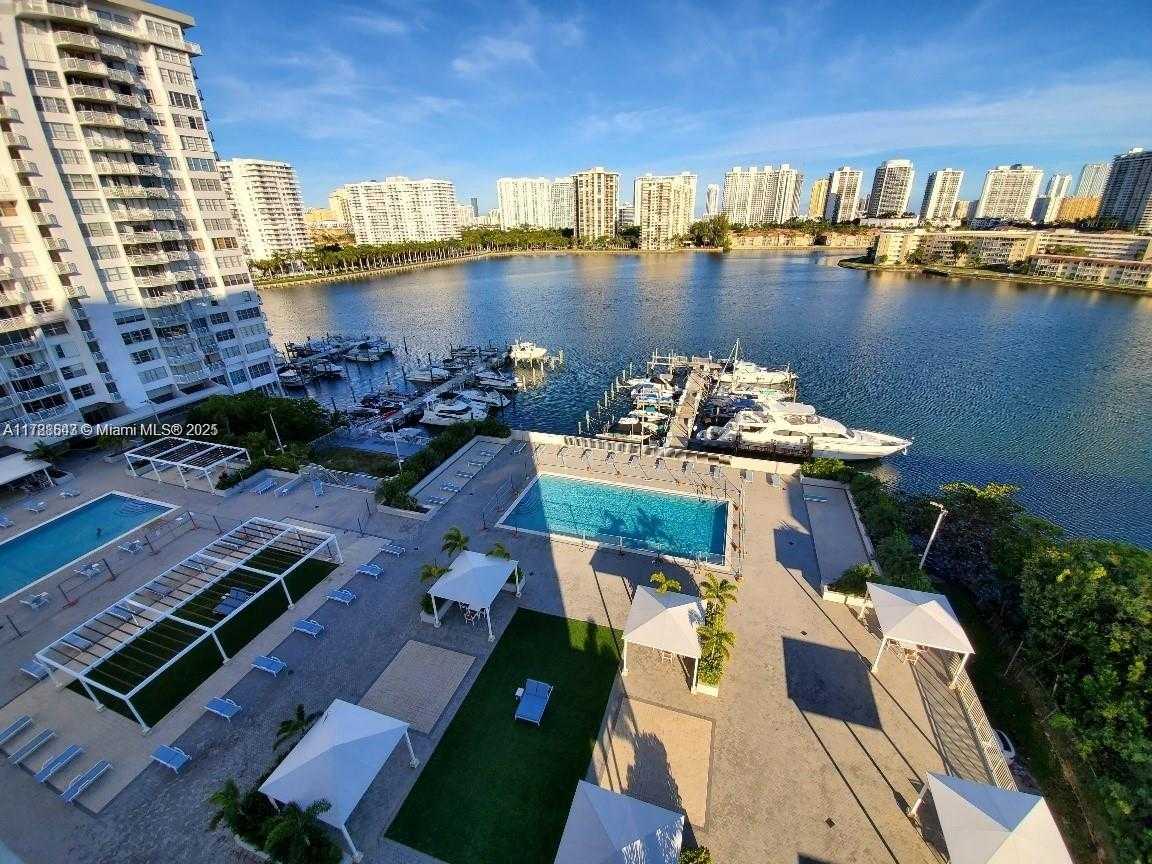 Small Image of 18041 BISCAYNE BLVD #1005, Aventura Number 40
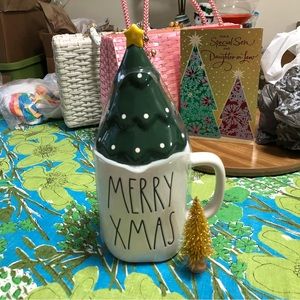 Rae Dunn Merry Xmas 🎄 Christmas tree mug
--
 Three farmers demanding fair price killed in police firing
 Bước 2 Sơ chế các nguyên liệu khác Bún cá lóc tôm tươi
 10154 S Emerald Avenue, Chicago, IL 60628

(Aim of the exercise) Please reproduce, exactly as they appear above, the lines from the line containing "Three farmers demanding" up to and including the line containing "10154 S Emerald Avenue, Chicago, IL 60628".

(Response box)
 Three farmers demanding fair price killed in police firing
 Bước 2 Sơ chế các nguyên liệu khác Bún cá lóc tôm tươi
 10154 S Emerald Avenue, Chicago, IL 60628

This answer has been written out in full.